Empathy skills are a big learning goal in early childhood, and practicing caregiver skills is one way kids grow empathy in play. A simple doctor’s kit (this one comes with a case for easy storage) is a staple.
Another chance for dramatic play: costumes! This is a fun collection to grow… grow this slowly and over time (more listed below).
- Chef’s costume
- Construction worker costume (holds such great memories from the past 6 years)
- Scientist costume
Oh this sweet little toy has so many possibilities: use it in a sensory bin, use it in the bath, use it with muddy play outside, use it all by itself. Each piece comes apart for endless flower building. Kids love creating new bouquets and arrangements and incorporating this into their imaginary play.
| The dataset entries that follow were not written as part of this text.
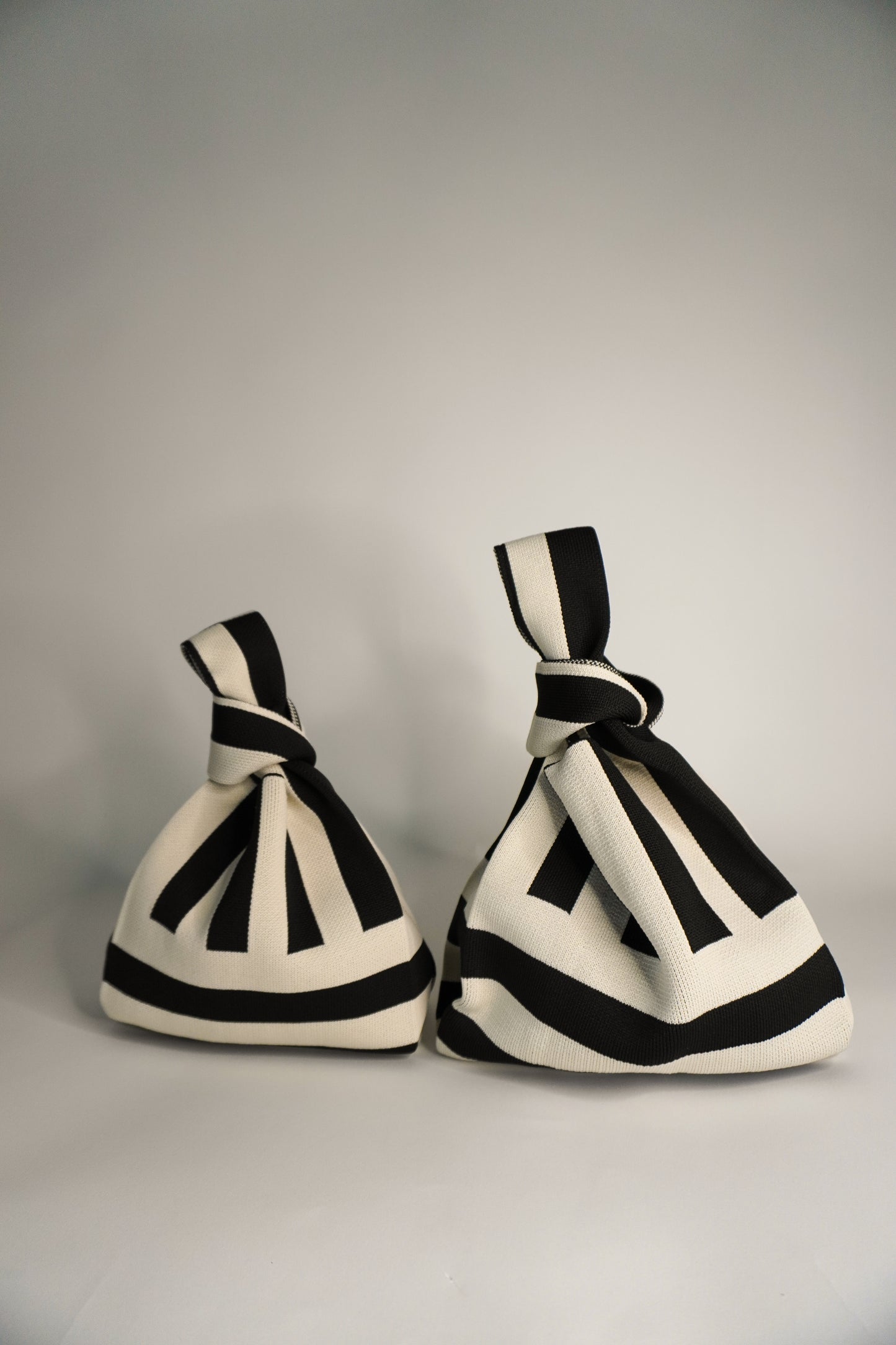 Stripe Handbag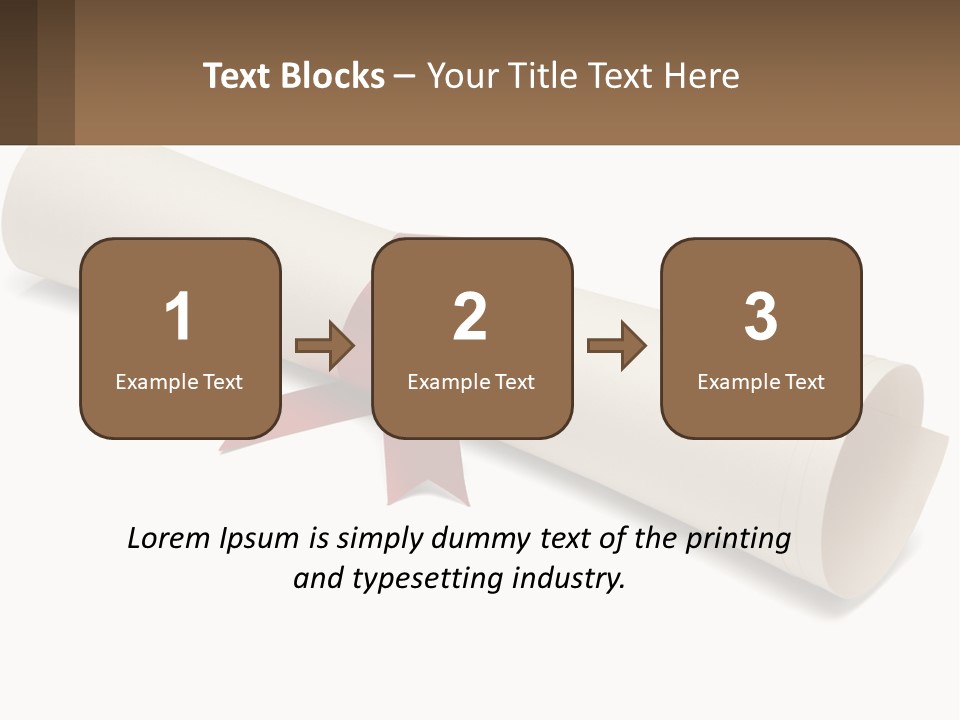 Estate Ownership Grass PowerPoint Template
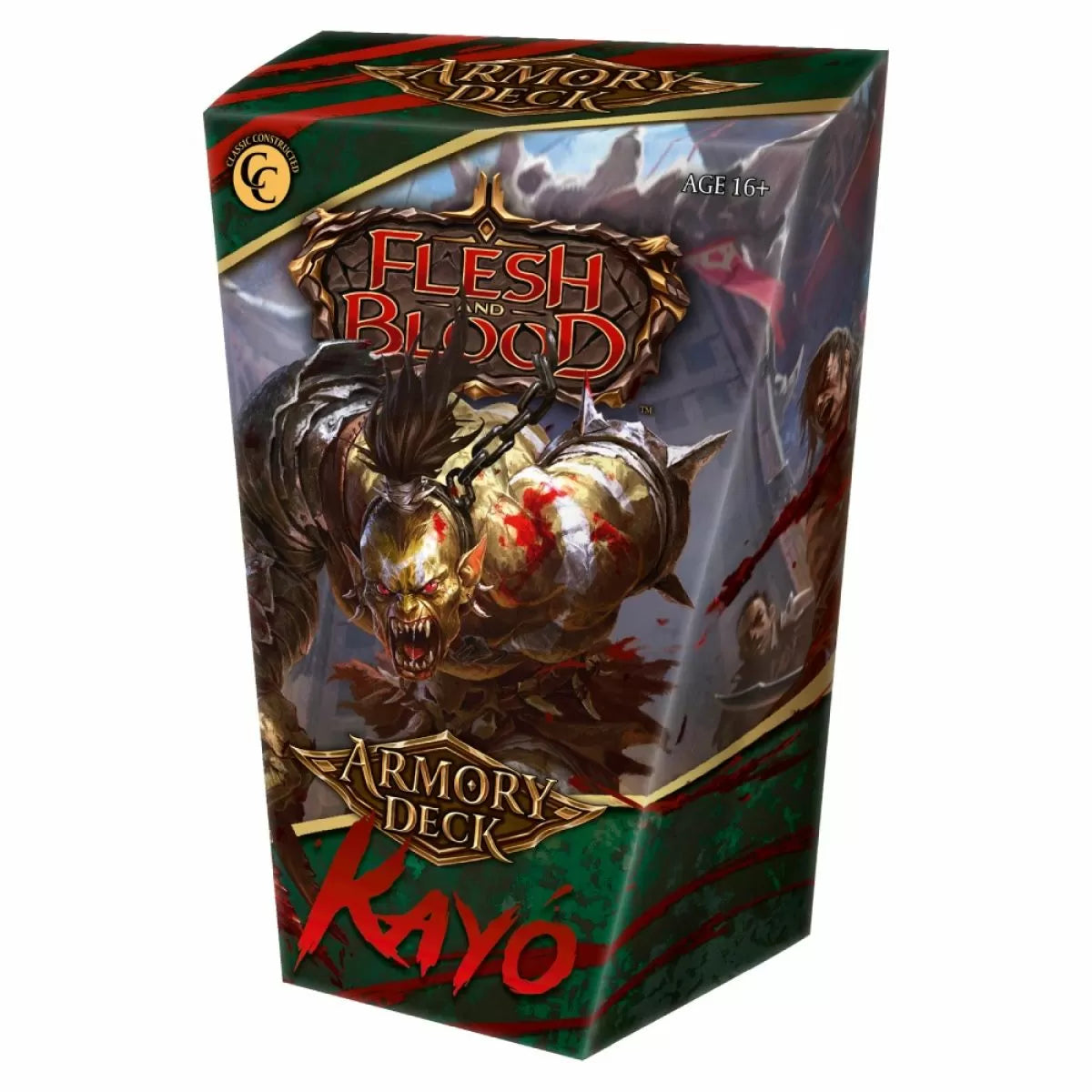 Flesh and Blood: Armory Deck – Kayo-1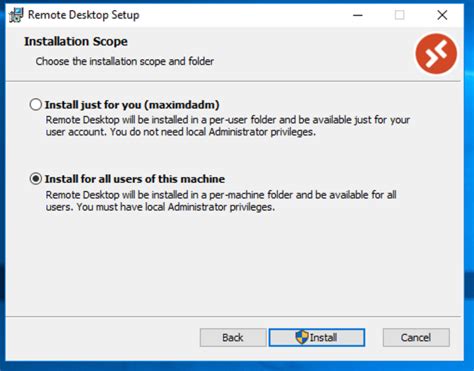 Image result for Remote Desktop Installation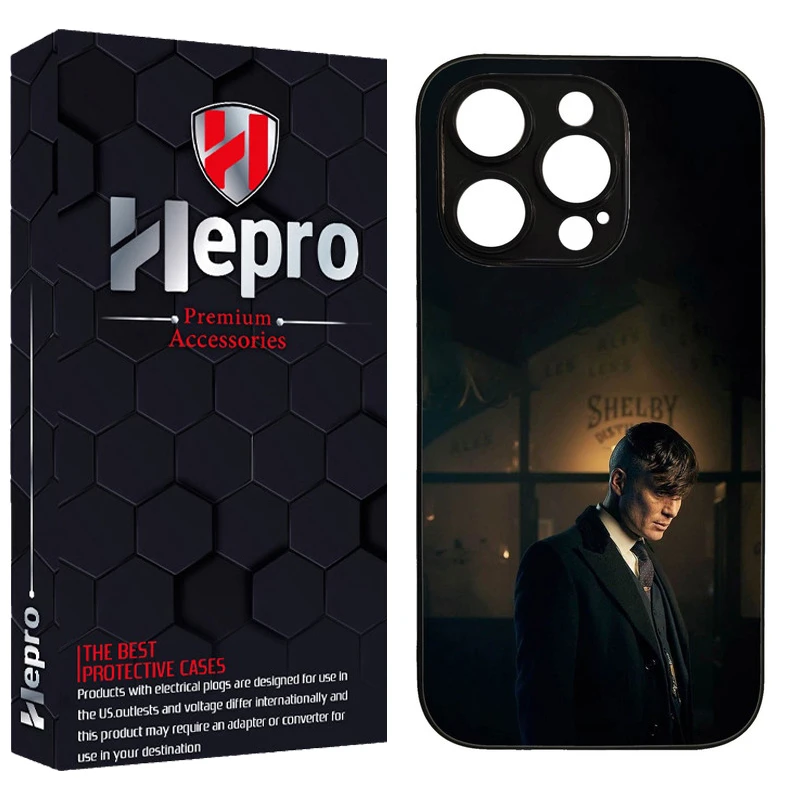 کاور هپرو طرح فانتزی مدل TPU مناسب برای گوشی موبایل اپل IPHONE 13 PRO MAX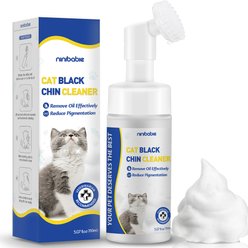 Ninibabie Acne Chin Treatment Cat Grooming Foam, 5.07-fl oz bottle
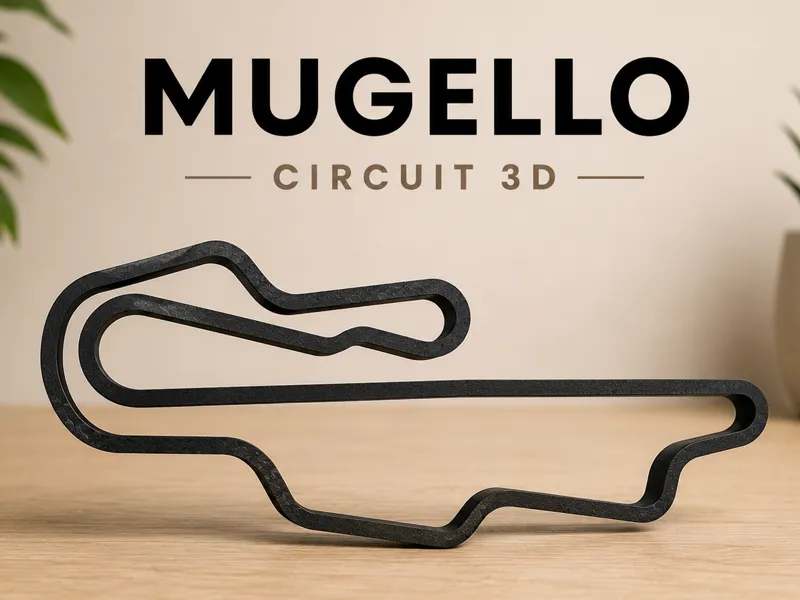 Mugello Circuit 3D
An absolute stand out. This is a new toy from HABA that we have loved. It’s basically a toddler logic puzzle, and it’s so well made. Problem solving, critical thinking, and cute wooden pieces to boot. This is a 10/10.
Frequently Asked Questions
Each child has different tastes in toys, similar to having different tastes in food. Rather than look for one “unicorn” toy that fulfills every child’s wish, I’d make sure 2 year olds have a variety of toys to explore as they form their personal tastes for toys.
Have toys for building, toys for creating, toys for empathy (doll), toys for imaginary play (costume, kitchen, doll house, wand), toys that are animals and toys that are vehicles.
That’s personal to the family. Each family has different variables: size of home, number of children, and budget. And each child has a different level of toy needs. Some will be fine with more toys. Some will need fewer toys.
My suggestion: watch the child in play. If they have a hard time finding toys or making a decision of what to play with, that’s often a sign the child has access to too many toys.
More toys doesn’t equal more play, but at the same time “more” and “less” are subjective.
Two year olds should have access to a variety of toys, and have options to find their path, develop skills, and learn through play. They do this best with variety.
Giving opportunities to play with a range of toys (not just one style) will allow the child to build a wider range of skills. As mentioned above, make sure toddlers have one toy from each play category: building, creating, imagining, caring, and driving.
NO!! This is a gift guide to help you find what your child may like or what their toy collection needs. My job is to share a wide range of toys that toddlers enjoy. Your job as toy gatekeeper is to figure out which of these toys may work best at your home and with your child.